French inflation hits 2.5-year low

French inflation slowed to its lowest point since September 2021, intensifying discussions about the timing of the European Central Bank’s (ECB) interest rate cut actions, Bloomberg reported on Thursday.

In February, consumer prices in the second-largest economy of the euro area increased by 3.1 per cent compared to the previous year, a decrease from 3.4 per cent in the prior month, aligning with a Bloomberg economists’ survey.

Additionally, separate data revealed a slowdown in Spain’s inflation to 2.9 per cent from 3.5 per cent, slightly exceeding expectations.

Germany is anticipated to report a reduced inflation figure later on Thursday, followed by Eurostat’s release of data for the entire 20-member euro zone on Friday, where a decrease in inflation to 2.5 per cent from 2.8 per cent is expected by analysts.

As energy prices fall and Europe’s economy remains stagnant, there is a general shift towards the ECB’s 2 per cent target.

However, officials in Frankfurt are warning against prematurely easing monetary policy due to concerns about potential inflation.

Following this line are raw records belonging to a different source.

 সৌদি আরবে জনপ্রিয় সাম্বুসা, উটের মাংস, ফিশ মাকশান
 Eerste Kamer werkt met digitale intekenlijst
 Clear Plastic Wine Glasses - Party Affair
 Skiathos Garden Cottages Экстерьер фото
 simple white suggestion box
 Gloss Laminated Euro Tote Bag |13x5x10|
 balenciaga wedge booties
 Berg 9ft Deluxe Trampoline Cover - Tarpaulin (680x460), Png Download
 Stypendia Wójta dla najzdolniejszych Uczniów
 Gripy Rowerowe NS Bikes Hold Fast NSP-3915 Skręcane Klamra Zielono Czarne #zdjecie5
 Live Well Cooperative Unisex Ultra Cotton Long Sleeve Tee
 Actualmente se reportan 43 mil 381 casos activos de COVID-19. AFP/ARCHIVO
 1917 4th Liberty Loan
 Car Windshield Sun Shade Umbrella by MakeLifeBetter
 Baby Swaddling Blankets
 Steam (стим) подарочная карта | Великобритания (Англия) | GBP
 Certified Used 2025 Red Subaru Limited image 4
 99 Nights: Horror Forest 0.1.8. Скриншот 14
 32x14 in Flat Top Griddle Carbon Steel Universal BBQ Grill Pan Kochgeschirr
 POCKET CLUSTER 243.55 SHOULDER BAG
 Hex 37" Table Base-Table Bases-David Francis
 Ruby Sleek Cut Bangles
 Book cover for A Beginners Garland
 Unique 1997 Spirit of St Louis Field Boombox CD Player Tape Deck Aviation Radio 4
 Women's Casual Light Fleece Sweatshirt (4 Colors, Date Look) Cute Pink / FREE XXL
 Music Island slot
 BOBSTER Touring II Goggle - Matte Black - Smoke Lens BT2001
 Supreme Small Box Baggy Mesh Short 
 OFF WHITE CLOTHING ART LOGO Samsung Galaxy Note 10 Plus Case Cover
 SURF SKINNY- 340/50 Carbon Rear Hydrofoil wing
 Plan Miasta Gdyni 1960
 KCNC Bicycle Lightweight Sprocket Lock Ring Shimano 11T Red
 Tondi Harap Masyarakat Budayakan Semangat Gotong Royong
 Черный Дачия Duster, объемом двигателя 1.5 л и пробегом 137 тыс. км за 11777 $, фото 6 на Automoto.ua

The euro remained stable at approximately $1.08, causing little shift in market expectations regarding the extent and speed of ECB rate reductions this year. Market participants anticipate these cuts to commence in June and are factoring in just below a one percentage point decrease by December.

In a distinct report from Insee, it was revealed that consumer spending decreased by 0.3 per cent in January, with expenditures on manufactured goods falling by 1.5 per cent. This surpassed economists’ predictions of a 0.2 per cent decline.

In a bit of positive news, Insee adjusted its fourth-quarter GDP reading for last year upward to 0.1 percent, a slight improvement from the previously reported stagnation.